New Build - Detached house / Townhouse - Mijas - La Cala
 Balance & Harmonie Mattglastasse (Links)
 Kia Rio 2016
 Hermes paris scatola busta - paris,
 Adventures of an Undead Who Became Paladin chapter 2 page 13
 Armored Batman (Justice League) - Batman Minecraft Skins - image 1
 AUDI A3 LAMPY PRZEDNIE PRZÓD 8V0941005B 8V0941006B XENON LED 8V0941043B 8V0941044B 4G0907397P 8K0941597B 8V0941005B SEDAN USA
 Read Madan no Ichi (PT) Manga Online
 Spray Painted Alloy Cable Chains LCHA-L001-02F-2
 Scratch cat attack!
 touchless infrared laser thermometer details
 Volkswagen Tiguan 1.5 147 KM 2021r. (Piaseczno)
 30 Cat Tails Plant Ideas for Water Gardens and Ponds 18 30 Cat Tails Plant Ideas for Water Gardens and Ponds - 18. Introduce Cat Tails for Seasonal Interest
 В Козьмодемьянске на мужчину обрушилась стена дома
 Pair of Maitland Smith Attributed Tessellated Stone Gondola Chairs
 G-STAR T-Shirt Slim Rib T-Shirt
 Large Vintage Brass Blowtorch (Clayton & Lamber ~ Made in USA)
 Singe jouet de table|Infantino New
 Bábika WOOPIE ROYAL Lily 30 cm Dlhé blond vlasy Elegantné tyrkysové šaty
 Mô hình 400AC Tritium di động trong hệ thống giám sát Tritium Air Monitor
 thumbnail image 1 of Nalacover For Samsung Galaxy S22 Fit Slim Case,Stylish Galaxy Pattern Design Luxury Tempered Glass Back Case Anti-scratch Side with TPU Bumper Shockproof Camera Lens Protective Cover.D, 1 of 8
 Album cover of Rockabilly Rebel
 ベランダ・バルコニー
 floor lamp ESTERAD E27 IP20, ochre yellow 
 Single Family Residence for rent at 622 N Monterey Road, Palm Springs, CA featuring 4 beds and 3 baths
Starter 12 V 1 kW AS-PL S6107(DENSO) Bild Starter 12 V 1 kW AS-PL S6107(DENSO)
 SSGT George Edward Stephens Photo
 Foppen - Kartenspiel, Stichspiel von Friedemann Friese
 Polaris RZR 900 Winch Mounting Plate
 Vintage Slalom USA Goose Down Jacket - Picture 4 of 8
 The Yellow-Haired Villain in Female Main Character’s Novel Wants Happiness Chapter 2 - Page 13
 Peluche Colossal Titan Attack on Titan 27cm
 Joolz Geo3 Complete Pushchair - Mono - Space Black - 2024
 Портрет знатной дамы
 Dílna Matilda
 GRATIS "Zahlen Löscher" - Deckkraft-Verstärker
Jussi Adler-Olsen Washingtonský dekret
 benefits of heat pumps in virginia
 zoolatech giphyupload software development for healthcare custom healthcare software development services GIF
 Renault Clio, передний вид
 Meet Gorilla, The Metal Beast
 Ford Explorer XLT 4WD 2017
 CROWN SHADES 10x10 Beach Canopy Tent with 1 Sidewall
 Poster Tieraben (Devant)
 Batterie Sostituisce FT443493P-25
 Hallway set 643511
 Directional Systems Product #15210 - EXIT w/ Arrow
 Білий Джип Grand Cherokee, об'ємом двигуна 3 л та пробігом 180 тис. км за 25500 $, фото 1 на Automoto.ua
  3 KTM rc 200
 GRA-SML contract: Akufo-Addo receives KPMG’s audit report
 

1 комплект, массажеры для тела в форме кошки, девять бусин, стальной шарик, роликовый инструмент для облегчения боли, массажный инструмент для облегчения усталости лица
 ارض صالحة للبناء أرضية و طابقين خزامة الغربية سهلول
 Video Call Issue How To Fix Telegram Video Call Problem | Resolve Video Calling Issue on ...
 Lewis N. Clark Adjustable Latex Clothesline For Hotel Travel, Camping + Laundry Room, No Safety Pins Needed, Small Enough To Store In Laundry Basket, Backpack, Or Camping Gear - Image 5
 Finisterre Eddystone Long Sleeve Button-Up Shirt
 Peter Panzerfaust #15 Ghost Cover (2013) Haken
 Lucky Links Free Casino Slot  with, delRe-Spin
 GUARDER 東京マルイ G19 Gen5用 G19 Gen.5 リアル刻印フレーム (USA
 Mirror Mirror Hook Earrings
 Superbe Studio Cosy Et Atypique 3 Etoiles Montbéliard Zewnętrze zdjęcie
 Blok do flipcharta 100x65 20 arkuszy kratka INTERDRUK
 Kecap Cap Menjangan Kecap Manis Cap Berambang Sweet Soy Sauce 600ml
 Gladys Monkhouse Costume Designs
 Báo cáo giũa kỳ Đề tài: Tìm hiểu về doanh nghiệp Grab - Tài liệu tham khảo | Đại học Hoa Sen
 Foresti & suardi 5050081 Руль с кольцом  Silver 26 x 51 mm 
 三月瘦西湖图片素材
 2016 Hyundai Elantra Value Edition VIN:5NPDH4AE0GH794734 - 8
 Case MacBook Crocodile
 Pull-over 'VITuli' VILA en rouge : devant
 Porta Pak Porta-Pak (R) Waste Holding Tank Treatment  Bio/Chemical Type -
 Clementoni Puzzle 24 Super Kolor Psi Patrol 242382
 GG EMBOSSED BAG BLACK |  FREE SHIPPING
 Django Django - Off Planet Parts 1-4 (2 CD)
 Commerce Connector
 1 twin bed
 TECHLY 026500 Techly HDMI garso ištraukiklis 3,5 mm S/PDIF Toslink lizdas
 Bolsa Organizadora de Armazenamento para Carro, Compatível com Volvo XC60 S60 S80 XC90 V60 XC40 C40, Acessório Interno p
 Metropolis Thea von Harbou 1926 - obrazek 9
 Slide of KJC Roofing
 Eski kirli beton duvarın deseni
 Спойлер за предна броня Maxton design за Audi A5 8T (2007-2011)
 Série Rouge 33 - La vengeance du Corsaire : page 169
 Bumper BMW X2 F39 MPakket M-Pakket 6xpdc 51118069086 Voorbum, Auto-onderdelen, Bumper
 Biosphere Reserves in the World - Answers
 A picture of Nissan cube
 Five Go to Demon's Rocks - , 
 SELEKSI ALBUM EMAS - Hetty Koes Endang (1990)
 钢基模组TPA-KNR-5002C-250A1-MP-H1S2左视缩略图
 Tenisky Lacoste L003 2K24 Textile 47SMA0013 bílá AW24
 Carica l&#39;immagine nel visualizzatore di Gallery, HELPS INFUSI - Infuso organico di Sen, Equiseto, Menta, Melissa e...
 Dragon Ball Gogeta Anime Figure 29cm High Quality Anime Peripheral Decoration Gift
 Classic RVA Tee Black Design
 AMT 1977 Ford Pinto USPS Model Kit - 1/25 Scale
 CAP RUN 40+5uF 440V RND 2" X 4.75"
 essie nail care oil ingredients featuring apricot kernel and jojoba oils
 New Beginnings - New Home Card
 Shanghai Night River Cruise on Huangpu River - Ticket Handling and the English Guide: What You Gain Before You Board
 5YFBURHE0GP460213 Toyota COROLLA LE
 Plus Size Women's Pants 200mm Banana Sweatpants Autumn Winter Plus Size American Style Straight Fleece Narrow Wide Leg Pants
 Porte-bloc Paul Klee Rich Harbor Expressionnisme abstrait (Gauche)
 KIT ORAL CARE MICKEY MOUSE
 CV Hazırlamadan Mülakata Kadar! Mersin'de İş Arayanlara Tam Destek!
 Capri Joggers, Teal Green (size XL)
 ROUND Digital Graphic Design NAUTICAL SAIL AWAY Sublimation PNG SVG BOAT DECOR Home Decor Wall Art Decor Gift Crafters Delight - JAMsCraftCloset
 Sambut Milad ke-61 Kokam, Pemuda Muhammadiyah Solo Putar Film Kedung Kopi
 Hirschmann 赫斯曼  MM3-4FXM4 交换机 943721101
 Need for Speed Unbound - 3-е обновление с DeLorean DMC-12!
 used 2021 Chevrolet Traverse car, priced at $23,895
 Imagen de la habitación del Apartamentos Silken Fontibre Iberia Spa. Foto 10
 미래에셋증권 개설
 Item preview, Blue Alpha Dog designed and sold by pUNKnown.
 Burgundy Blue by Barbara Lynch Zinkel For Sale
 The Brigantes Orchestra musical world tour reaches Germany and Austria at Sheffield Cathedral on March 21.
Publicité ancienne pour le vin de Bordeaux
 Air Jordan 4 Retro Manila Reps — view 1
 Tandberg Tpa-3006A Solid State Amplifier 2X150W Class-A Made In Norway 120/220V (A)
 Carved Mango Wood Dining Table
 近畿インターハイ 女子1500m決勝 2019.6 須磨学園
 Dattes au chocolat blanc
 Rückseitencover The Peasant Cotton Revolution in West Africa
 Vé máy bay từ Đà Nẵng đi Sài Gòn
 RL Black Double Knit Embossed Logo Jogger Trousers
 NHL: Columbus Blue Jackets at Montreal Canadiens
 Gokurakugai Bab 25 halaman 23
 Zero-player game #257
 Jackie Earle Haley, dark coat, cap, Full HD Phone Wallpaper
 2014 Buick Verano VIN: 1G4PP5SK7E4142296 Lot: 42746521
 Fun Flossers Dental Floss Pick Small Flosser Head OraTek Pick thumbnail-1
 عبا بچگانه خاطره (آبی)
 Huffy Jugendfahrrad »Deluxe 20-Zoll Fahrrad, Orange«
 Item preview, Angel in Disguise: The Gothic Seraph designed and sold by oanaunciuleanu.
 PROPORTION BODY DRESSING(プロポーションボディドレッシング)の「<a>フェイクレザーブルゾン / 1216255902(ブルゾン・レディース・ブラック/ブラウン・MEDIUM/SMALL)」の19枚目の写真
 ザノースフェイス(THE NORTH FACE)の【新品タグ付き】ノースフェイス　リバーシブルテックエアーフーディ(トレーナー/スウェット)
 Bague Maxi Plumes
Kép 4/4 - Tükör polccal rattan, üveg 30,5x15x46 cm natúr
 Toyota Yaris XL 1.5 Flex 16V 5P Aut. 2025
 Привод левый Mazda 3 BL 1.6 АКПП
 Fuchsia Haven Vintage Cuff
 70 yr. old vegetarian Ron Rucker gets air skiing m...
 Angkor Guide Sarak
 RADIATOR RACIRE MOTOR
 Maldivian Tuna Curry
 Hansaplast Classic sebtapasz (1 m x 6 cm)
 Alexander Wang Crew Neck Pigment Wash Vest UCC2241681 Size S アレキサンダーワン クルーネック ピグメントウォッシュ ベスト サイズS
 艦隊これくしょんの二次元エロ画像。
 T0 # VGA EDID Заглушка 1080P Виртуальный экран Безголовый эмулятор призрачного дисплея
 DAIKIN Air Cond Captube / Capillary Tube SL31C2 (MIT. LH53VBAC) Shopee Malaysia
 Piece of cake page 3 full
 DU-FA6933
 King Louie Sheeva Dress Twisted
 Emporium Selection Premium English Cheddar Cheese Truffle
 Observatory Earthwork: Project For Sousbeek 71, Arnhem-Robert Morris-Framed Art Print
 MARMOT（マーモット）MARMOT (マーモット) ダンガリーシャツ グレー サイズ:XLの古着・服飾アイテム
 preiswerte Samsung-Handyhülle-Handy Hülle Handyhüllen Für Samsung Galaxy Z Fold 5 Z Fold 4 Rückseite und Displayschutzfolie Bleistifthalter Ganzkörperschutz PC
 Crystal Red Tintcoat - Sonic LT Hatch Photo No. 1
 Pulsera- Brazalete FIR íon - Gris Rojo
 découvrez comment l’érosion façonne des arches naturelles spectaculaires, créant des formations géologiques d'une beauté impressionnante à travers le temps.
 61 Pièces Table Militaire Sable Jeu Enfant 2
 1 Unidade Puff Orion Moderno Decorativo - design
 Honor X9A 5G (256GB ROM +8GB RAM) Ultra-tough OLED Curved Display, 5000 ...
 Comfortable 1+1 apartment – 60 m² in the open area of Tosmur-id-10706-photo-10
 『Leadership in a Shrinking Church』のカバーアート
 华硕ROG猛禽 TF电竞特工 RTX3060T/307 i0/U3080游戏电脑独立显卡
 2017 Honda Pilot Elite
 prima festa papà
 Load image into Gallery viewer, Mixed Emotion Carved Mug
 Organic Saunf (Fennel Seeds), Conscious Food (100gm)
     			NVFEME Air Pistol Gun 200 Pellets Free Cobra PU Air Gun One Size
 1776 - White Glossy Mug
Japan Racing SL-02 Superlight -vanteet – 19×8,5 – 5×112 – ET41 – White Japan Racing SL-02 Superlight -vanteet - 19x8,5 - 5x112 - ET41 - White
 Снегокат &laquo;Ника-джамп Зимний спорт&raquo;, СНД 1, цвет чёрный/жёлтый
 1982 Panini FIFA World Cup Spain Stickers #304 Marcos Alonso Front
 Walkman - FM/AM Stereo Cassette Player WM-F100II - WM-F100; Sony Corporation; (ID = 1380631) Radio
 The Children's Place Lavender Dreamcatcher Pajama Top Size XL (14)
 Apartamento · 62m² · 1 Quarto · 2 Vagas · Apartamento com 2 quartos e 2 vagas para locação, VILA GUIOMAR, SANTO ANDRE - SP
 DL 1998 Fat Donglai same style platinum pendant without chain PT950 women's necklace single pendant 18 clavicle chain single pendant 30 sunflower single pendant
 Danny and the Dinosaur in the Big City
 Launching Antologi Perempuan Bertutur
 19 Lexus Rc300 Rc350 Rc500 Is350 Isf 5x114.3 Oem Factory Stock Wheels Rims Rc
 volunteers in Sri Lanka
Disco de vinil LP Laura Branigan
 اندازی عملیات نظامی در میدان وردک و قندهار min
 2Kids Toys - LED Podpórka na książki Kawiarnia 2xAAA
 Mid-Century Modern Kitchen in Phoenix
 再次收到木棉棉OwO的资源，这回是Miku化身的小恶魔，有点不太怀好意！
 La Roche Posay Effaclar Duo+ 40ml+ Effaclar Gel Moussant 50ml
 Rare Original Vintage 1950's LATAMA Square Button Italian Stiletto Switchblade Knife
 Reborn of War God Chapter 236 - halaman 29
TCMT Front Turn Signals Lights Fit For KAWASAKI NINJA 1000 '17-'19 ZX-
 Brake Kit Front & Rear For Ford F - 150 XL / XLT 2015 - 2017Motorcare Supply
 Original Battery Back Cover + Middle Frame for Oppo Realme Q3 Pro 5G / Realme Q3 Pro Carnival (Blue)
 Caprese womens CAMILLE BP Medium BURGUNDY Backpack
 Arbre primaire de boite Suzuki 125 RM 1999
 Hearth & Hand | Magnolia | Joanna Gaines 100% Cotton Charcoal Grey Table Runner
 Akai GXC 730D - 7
════════════════
■ EXERCISE OBJECTIVE
Of the entries above, repeat exactly the lines between the line with "NVFEME Air Pistol" and the line with "Brake Kit Front", inclusive, and no others.

■ RESULT OF THIS EXERCISE
     			NVFEME Air Pistol Gun 200 Pellets Free Cobra PU Air Gun One Size
 1776 - White Glossy Mug
Japan Racing SL-02 Superlight -vanteet – 19×8,5 – 5×112 – ET41 – White Japan Racing SL-02 Superlight -vanteet - 19x8,5 - 5x112 - ET41 - White
 Снегокат &laquo;Ника-джамп Зимний спорт&raquo;, СНД 1, цвет чёрный/жёлтый
 1982 Panini FIFA World Cup Spain Stickers #304 Marcos Alonso Front
 Walkman - FM/AM Stereo Cassette Player WM-F100II - WM-F100; Sony Corporation; (ID = 1380631) Radio
 The Children's Place Lavender Dreamcatcher Pajama Top Size XL (14)
 Apartamento · 62m² · 1 Quarto · 2 Vagas · Apartamento com 2 quartos e 2 vagas para locação, VILA GUIOMAR, SANTO ANDRE - SP
 DL 1998 Fat Donglai same style platinum pendant without chain PT950 women's necklace single pendant 18 clavicle chain single pendant 30 sunflower single pendant
 Danny and the Dinosaur in the Big City
 Launching Antologi Perempuan Bertutur
 19 Lexus Rc300 Rc350 Rc500 Is350 Isf 5x114.3 Oem Factory Stock Wheels Rims Rc
 volunteers in Sri Lanka
Disco de vinil LP Laura Branigan
 اندازی عملیات نظامی در میدان وردک و قندهار min
 2Kids Toys - LED Podpórka na książki Kawiarnia 2xAAA
 Mid-Century Modern Kitchen in Phoenix
 再次收到木棉棉OwO的资源，这回是Miku化身的小恶魔，有点不太怀好意！
 La Roche Posay Effaclar Duo+ 40ml+ Effaclar Gel Moussant 50ml
 Rare Original Vintage 1950's LATAMA Square Button Italian Stiletto Switchblade Knife
 Reborn of War God Chapter 236 - halaman 29
TCMT Front Turn Signals Lights Fit For KAWASAKI NINJA 1000 '17-'19 ZX-
 Brake Kit Front & Rear For Ford F - 150 XL / XLT 2015 - 2017Motorcare Supply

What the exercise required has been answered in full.